PS: «Black Sails» - de Robert Levine e Jonathan Steinberg
Piratas, mercenários, legiões de colonizadores espanhóis, galeões e espadachins. Tudo o que os rapazes – pelo menos os rapazes da minha rua – idealizaram nas brincadeiras de polichinelo está nesta maravilhosa série para a televisão.

No porto de Nassau, ilha de New Providence, a trama envolve traições, planos para emboscar o inviolável navio Urca de Lima, alianças e esquemas dignos do mais maquiavélico dos imitadores de Judas.

1715, Índias Ocidentais, a tripulação do Capitão Flint procura sobreviver e reinar num ambiente de constante insurreição. Um produto fantástico, já na sua terceira temporada. Eu ainda vou na primeira, em busca do mapa do tesouro.

SOUNDCHECK:

«OEI OEI OEI (DAT WAS ME WEER EEN LOEI» - de Johan Cruijff
Mestre com a bola nos pés, Johan Cruifff teve o bom senso necessário para perceber que o talento não o acompanhava na voz. Em 1969, o cérebro do Futebol Total e face mais evidente da Laranja Mecânica atreveu-se a gravar este single.

Em tradução livre, o título significa «Oh oh oh, outra deceção». Fala de um pugilista que perde um combate, mete-se nos copos e ainda tem de aturar a esposa quando chega a casa.

Uma brincadeira de Johan. Inofensiva.

PS: «Villa Soledade» - dos Sensible Soccers
Fechar os olhos, sentir a frequência pujante no corpo, tendões, ossos e sangue. Tudo mexe, tudo fervilha, tudo ameaça explodir. Até à acalmia, a paz, a reconciliação.

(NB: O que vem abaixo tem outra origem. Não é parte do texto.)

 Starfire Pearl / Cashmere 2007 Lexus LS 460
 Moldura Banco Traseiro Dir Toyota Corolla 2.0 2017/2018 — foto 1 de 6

Magnífico, de uma ponta à outra. O trio de Vila do Conde derrama talento e criatividade, faz-nos sentir, faz-nos dançar. Nesta altura, não encontro em Portugal outro projeto com esta dimensão artística.

A Igreja dos Sensible Soccers vive de devotos, de crentes, de seguidores e não precisa de esmolas. A música, os sons de esquizofrenia regulamentada, são o Pai Nosso dos meus recentes dias e a oração necessária para um despertar mergulhado em sorrisos.

Sete faixas poderosas, fragmentação pop, requintes de genialidade e sentido de humor. Sim, sentido de humor, nem que seja só nos títulos das músicas: «Shampom», «Nunca Mais Me Esquece», «Clausura» a abrir e «Apertura» a fechar.

Manuel Justo, Hugo Gomes e Filipe Azevedo, amantes da bola, cientistas da clave de sol, ditadores numa república só deles: «Villa Soledade», um Estado de alma.

VIRAR A PÁGINA:

«MY TURN: A LIFE OF TOTAL FOOTBALL» - de Johan Cruijff
Autobiografia do recentemente falecido Johan Cruijff. Um livro cheio de histórias fantásticas, partes soltas de uma personagem condenada à eternidade. Rinus Michels, Frank Rijkaard, Pep Guardiola, estão todos lá, rendidos às ideias e à personalidade do mago. Um livro para guardar religiosamente, uma peça valiosíssima de coleção.